Cheshire East Council held a service of remembrance to commemorate Holocaust Memorial Day on January 27th.
The Mayor of Cheshire East, Councillor Rod Fletcher, and council deputy leader Cllr Craig Browne led civic dignitaries and more than 100 members of the public, including local schoolchildren, in the poignant ceremony at Macclesfield Town Hall.
The service included personal testimony, readings, the lighting candles of remembrance, prayers and observance of a minute’s silence.
The guest speaker was Mr Ernie Hunter, from the Northern Holocaust Education Group (NHEG). He powerfully recounted the story of his mother, Fanny Höchstetter, and how long-standing, friendly Christian-Jewish relationships in the small German market town of Laupheim, were destroyed by the Nazis rise to power.
After his fascinating presentation, Mr Hunter took questions from the audience, including local pupils and staff from Tytherington, All Hallows and King’s schools.
Cllr Fletcher said: “As a community I feel that it is important that we remember the Holocaust and subsequent genocides and remember the devastation brought to people’s lives.
“As a council, we have held these services for over a decade. As mayor, I am glad that I am able to continue this tradition.
“It is vital that the lessons that we have learnt from the Holocaust are passed from generation to generation and that we do not forget.”
The NHEG was founded in recognition that the first generation of Holocaust survivors will not be able to continue to tell their stories for ever. Its aim is to ensure that future generations can continue to experience these life stories of victims of Nazi persecution and the Holocaust, in a way that is both meaningful and relevant to the issues of today.
Cllr Craig Browne, deputy leader of Cheshire East Council, read a section from The Diary of Anne Frank, the schoolgirl who perished in the Holocaust after her family’s hiding place in Amsterdam, in the occupied Netherlands, was betrayed to the Nazis.
Cllr Browne said: “In the world in which we are living, which seems to become more confusing and challenging each year, it is increasingly important that, on occasions such as this, we take time to remember – but also time to reflect on what is going on in our world today.
“Each year the Holocaust Memorial Day Trust sets a theme for commemorations.

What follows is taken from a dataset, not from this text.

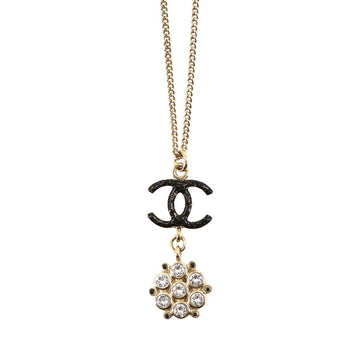 CHANEL Cocomark Rhinestone Necklace Gold Black B19B Accessories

This year, the theme is the ‘fragility of freedom’. I would ask everyone to reflect on this.
“Whilst I recognise that freedom means different things to different people, what is clear is that in every genocide that has taken place across history, those who are targeted for persecution have had their freedom restricted and removed, before many of them are murdered. This is often a subtle, slow process. Sadly, it is not a process that is confined to history.”
The mayor’s chaplain, the Rev Rob Hilton, of Wesley Place Methodist Church, Alsager, led the prayers at the ceremony.

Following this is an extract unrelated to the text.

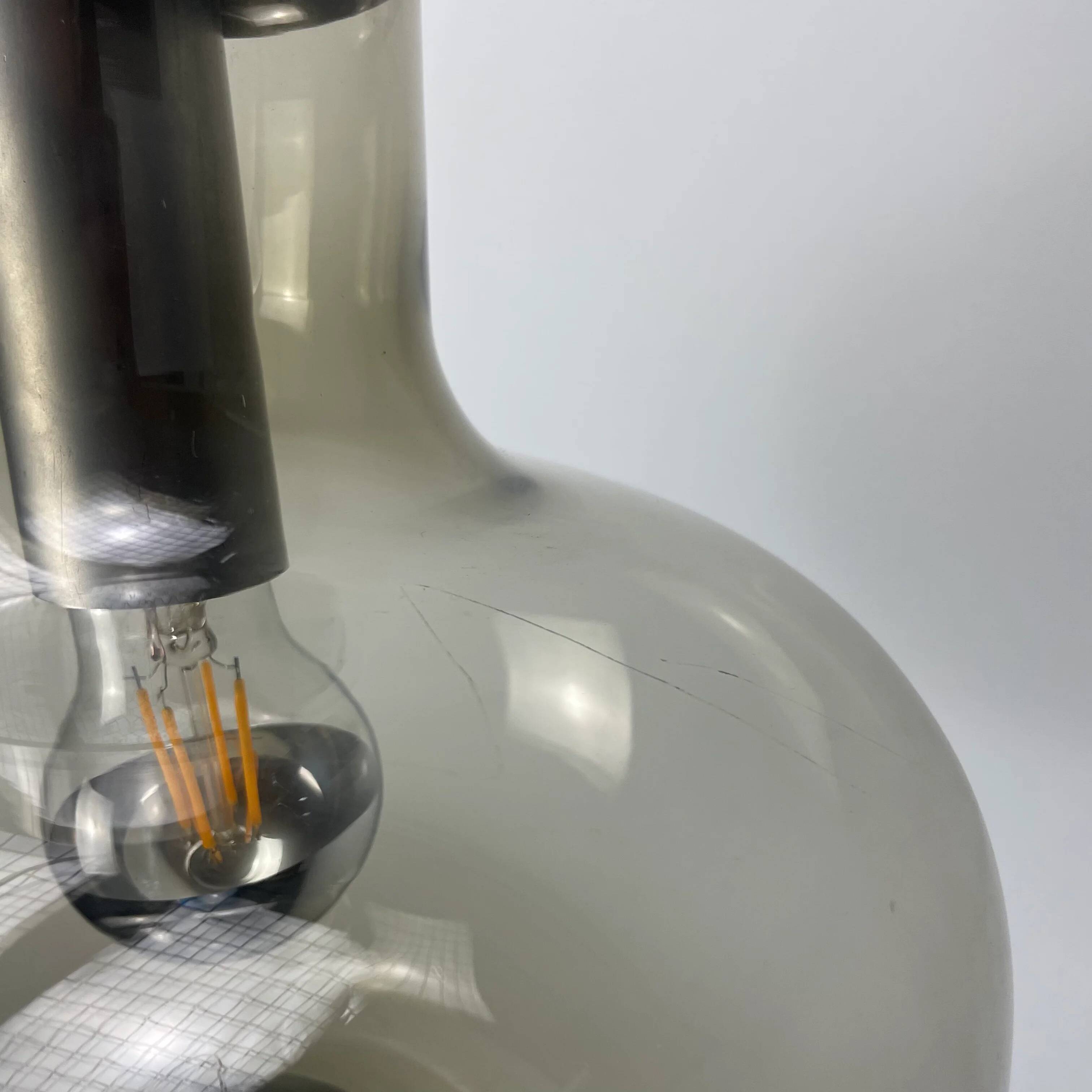 Smoked glass pendant lamp by Nettelhoff Leuchten 1970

Holocaust Memorial Day (27 January) marks the anniversary of the liberation of the Nazi concentration and death camp Auschwitz-Birkenau in 1945, and genocides worldwide.
The Holocaust resulted in the annihilation of an estimated six million Jews, two million Gypsies, 15,000 homosexual people and millions of others by the Nazi regime and its collaborators.
Since 1945, there have been several other attempted genocides across the world – including Cambodia, Rwanda and Darfur – and these are also commemorated on Holocaust Memorial Day.